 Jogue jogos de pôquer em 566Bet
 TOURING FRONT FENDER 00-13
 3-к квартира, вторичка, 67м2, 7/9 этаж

════════════════════

§ **PROBLEM STATEMENT**
Every line between the one holding "TOURING FRONT FENDER 00-13" and the end of the listing above, inclusive, must be transcribed exactly; omit all others.

§ **ANSWER SECTION**
 TOURING FRONT FENDER 00-13
 3-к квартира, вторичка, 67м2, 7/9 этаж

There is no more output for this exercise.